Brief
The entries below contain a line with "Caviar Quilted Medium Double Flap Black" and a line with "Samsung Galaxy S26". Quote exactly those two lines and all lines between them.

Web page caption snippets:
# # # #

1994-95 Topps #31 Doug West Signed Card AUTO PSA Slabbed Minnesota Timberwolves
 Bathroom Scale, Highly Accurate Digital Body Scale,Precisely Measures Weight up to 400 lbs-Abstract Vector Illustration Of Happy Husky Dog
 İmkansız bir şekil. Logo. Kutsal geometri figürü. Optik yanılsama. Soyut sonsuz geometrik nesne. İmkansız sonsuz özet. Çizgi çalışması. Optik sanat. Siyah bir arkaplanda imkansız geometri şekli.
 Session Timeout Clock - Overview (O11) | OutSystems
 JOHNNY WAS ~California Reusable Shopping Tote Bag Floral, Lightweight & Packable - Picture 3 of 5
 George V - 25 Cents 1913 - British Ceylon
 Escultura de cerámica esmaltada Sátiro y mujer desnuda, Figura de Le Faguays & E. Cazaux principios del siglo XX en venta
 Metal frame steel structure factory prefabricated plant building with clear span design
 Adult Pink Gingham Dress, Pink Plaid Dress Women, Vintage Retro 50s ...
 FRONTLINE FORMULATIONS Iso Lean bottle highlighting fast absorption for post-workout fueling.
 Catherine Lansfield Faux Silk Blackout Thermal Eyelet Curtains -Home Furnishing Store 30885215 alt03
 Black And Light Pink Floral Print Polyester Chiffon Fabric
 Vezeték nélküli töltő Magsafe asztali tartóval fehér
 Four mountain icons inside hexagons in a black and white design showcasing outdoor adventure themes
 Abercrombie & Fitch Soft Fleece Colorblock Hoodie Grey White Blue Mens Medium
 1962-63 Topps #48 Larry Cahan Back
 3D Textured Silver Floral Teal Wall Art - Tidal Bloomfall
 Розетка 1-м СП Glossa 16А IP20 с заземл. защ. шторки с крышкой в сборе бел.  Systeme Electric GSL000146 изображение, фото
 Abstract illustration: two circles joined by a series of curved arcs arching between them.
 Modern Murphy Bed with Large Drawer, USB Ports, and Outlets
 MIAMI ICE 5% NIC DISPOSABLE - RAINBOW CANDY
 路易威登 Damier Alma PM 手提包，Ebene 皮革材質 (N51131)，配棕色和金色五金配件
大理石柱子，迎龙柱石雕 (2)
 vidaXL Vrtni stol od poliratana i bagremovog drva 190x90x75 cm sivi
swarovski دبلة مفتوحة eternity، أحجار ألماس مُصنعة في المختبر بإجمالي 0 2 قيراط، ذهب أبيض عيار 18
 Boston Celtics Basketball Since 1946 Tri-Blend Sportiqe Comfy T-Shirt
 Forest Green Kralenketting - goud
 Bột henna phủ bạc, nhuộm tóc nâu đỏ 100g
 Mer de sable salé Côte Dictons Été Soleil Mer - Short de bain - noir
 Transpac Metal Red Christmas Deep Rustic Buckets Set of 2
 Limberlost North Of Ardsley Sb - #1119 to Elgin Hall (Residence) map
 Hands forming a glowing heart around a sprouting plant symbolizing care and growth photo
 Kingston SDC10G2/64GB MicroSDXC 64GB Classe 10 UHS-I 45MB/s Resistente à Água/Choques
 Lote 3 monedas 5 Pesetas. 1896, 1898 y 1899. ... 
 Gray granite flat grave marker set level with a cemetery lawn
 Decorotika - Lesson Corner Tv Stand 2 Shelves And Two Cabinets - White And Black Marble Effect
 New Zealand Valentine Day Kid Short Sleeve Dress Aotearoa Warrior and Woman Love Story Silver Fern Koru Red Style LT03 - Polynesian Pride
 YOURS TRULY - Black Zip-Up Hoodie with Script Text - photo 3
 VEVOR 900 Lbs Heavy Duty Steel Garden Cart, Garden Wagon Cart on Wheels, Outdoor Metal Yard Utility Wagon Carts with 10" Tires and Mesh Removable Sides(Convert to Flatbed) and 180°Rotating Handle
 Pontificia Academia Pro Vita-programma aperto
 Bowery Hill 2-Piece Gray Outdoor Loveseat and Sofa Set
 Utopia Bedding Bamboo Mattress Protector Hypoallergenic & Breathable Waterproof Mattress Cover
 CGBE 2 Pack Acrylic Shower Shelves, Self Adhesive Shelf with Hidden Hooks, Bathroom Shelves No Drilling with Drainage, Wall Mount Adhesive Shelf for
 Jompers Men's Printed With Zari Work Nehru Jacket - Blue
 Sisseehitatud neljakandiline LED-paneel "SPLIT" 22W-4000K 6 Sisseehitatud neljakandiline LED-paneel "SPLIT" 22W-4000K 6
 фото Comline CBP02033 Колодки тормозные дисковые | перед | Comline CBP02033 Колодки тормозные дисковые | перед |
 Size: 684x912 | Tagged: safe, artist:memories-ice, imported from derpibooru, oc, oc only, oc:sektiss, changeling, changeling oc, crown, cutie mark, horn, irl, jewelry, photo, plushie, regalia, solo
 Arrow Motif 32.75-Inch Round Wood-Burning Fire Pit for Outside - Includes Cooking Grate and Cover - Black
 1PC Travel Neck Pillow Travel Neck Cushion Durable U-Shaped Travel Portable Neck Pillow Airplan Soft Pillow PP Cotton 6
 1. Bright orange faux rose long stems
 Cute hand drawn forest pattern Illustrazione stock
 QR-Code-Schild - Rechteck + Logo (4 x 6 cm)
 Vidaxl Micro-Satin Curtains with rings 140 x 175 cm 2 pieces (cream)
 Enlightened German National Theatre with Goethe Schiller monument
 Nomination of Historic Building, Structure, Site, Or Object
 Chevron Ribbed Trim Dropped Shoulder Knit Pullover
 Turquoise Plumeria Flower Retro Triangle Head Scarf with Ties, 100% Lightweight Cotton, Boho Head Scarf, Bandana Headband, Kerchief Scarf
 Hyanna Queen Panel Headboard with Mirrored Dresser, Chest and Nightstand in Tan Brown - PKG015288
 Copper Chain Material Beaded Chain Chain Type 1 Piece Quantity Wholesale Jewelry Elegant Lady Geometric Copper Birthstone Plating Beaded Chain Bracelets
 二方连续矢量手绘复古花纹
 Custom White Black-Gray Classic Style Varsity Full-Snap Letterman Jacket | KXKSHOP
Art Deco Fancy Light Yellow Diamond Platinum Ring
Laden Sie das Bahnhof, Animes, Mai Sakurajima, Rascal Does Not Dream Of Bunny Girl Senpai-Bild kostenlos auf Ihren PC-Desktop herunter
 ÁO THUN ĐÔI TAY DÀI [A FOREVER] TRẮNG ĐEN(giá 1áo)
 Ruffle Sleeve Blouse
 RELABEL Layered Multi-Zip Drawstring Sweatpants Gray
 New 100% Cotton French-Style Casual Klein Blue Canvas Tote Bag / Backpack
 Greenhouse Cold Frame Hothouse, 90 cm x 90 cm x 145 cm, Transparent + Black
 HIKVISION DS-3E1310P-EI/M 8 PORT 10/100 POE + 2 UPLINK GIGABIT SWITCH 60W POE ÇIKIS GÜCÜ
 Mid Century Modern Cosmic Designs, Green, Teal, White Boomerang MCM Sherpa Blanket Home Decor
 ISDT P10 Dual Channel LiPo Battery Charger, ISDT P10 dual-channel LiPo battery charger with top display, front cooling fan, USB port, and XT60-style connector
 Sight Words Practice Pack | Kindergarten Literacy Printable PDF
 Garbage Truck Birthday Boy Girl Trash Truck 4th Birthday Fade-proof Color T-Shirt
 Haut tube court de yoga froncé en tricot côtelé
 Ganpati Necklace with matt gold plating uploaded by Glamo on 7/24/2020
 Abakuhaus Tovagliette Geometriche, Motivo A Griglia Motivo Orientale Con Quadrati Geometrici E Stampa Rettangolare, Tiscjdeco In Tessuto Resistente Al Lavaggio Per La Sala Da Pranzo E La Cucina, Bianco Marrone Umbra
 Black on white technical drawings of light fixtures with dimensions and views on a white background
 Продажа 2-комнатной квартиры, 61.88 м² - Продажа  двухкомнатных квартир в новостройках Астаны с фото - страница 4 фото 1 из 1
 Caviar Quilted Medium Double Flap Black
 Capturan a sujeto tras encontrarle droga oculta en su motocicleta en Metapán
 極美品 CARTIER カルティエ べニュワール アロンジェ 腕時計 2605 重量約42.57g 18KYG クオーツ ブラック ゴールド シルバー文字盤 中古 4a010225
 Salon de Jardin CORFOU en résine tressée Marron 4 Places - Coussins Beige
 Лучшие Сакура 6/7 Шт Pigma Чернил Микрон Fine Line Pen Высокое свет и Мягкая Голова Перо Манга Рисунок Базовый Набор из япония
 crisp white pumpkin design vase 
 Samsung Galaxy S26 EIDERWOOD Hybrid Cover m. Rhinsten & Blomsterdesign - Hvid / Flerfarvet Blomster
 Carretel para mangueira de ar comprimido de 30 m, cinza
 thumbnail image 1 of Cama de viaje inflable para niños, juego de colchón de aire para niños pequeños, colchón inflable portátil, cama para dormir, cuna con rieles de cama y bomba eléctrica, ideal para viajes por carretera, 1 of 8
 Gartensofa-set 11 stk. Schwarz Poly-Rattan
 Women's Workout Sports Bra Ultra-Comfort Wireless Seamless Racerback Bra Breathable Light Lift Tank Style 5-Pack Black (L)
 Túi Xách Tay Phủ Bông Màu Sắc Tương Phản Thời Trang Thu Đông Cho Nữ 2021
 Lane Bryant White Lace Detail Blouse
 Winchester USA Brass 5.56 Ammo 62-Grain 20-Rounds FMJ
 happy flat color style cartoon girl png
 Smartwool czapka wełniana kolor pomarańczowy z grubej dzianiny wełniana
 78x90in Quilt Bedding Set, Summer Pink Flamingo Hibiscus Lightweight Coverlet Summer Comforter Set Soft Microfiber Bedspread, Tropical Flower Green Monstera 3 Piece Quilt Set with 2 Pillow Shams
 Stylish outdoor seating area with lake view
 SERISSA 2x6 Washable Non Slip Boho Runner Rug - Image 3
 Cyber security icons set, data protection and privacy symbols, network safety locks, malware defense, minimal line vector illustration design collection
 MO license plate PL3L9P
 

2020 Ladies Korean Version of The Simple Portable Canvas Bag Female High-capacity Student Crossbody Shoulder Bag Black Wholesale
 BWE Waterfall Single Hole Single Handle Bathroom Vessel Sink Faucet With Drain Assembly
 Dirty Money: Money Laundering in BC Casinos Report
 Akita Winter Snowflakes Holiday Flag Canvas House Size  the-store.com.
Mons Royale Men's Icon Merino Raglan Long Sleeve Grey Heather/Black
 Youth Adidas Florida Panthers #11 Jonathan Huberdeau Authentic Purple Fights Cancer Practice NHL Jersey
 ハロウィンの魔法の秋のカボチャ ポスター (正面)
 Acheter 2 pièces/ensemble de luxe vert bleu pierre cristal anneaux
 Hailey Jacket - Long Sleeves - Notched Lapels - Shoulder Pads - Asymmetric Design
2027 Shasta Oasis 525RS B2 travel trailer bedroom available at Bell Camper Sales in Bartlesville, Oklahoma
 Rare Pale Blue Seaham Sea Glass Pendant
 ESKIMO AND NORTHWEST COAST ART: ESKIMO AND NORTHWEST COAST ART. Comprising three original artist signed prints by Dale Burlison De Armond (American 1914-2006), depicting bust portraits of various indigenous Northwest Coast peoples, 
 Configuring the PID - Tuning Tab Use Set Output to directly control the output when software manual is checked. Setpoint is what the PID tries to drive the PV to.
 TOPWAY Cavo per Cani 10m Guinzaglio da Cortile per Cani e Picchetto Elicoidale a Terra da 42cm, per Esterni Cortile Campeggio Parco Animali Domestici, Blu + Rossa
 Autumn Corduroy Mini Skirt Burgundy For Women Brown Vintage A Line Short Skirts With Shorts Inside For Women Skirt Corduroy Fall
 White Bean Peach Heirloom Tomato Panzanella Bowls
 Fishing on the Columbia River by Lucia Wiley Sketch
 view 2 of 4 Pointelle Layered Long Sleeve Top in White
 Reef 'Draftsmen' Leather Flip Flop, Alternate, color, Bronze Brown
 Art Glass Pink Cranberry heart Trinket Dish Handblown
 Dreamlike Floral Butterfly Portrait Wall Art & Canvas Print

# # # #

Result
 Caviar Quilted Medium Double Flap Black
 Capturan a sujeto tras encontrarle droga oculta en su motocicleta en Metapán
 極美品 CARTIER カルティエ べニュワール アロンジェ 腕時計 2605 重量約42.57g 18KYG クオーツ ブラック ゴールド シルバー文字盤 中古 4a010225
 Salon de Jardin CORFOU en résine tressée Marron 4 Places - Coussins Beige
 Лучшие Сакура 6/7 Шт Pigma Чернил Микрон Fine Line Pen Высокое свет и Мягкая Голова Перо Манга Рисунок Базовый Набор из япония
 crisp white pumpkin design vase 
 Samsung Galaxy S26 EIDERWOOD Hybrid Cover m. Rhinsten & Blomsterdesign - Hvid / Flerfarvet Blomster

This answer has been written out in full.